- Opening Delimiter -

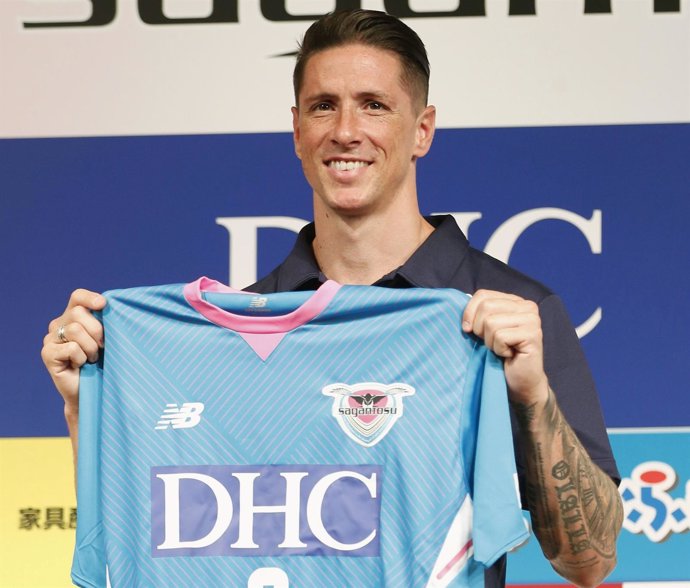Spain soccer player Fernando Torres poses with his new Sagan Tosu football club 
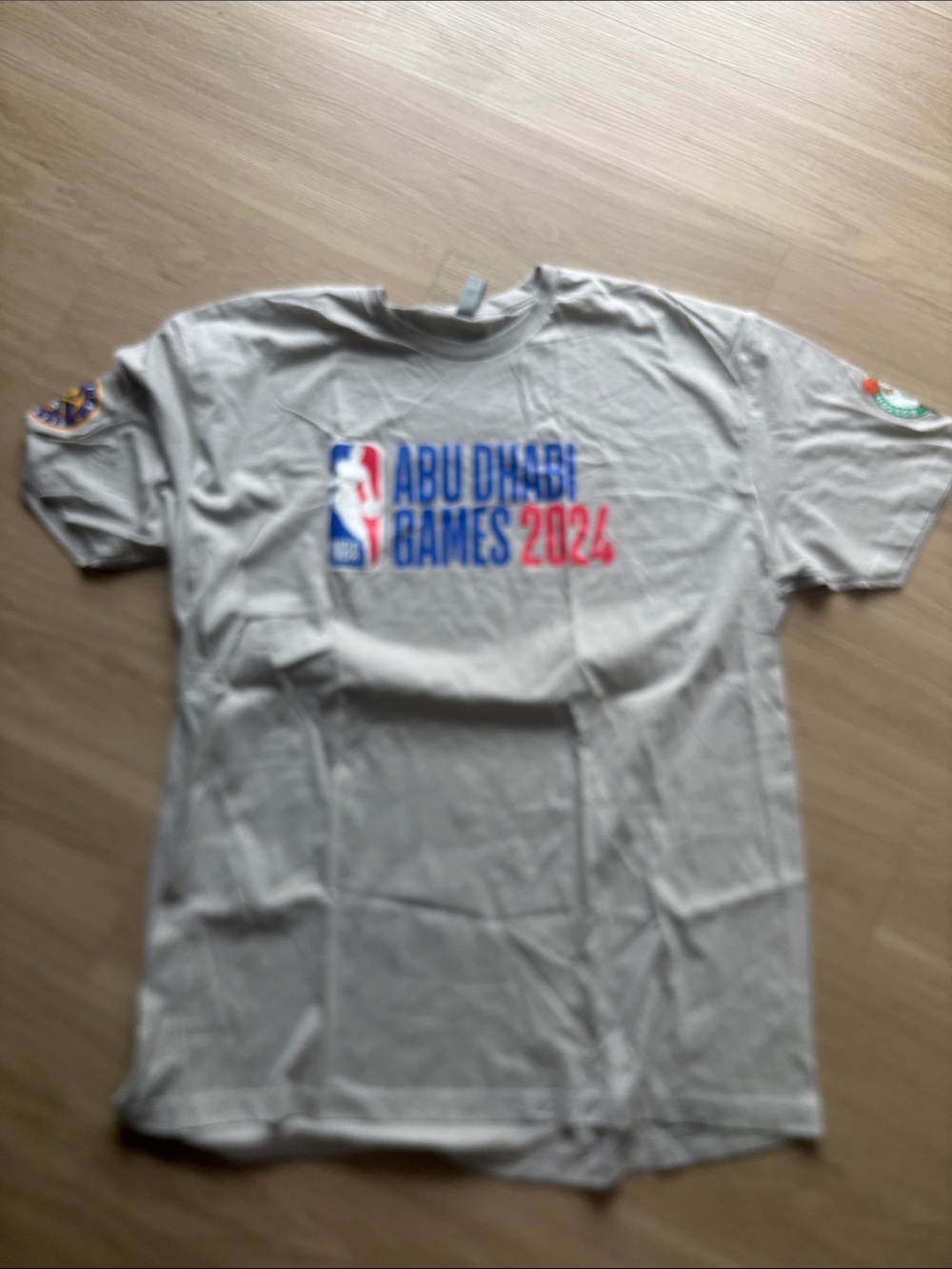 Next Level Apparel Abu Dhabi Games 2024 Tee - Light Gray with Blue & Red Logo XX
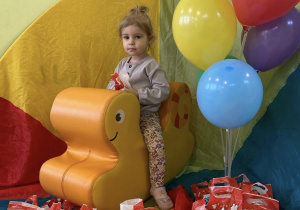 Nadia siedzi na bujaku i trzyma w ręku prezent.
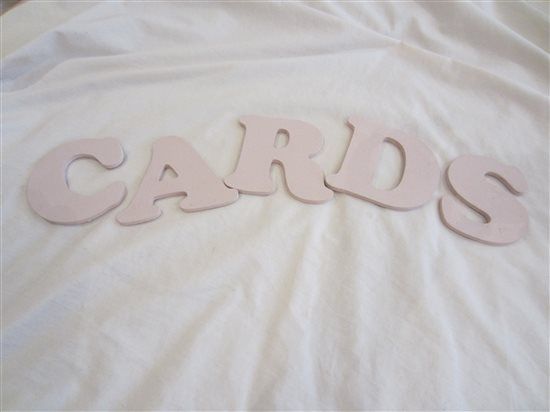 Pale pink wooden 'CARDS' letters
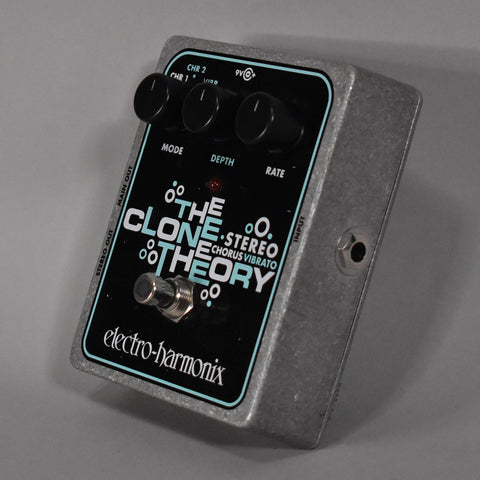 A grey metal pedal with a black faceplate, three black knobs, a silver footswitch, and an input jack on the right side.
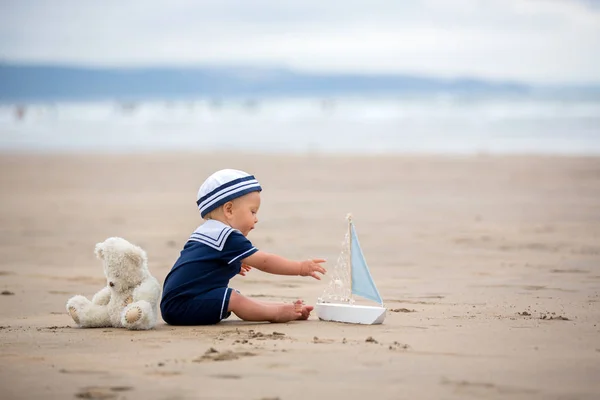 Niño sentado en la playa cerca del agua y juega con un a —  Fotos de Stock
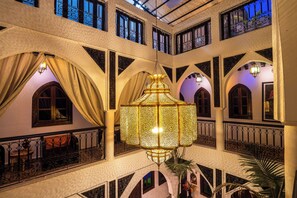 A multi-level atrium with ornate iron railings, a central hanging lantern, and multiple arched windows. - Riad Balkisse (Marrakech)
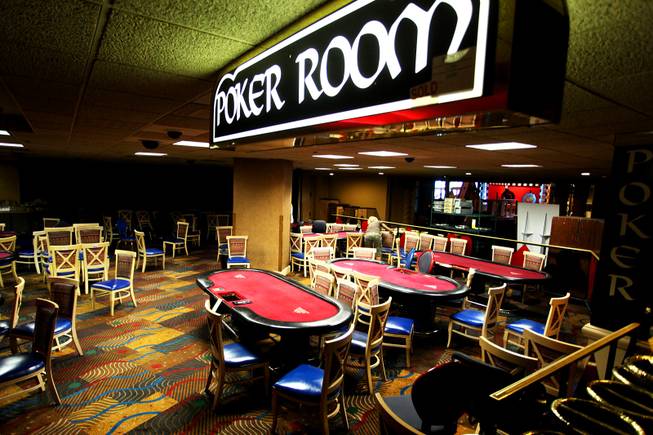 Shoppers scavenge the poker room during the first day of ...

- Closing Delimiter -

**Your assignment**
Among the entries above, take the line with "Pale pink wooden 'CARDS' letters", the line with "Niño sentado en", and all the lines between them, and restate them word for word without pictures.

**Response**
 Pale pink wooden 'CARDS' letters
 A grey metal pedal with a black faceplate, three black knobs, a silver footswitch, and an input jack on the right side.
 Niño sentado en la playa cerca del agua y juega con un a —  Fotos de Stock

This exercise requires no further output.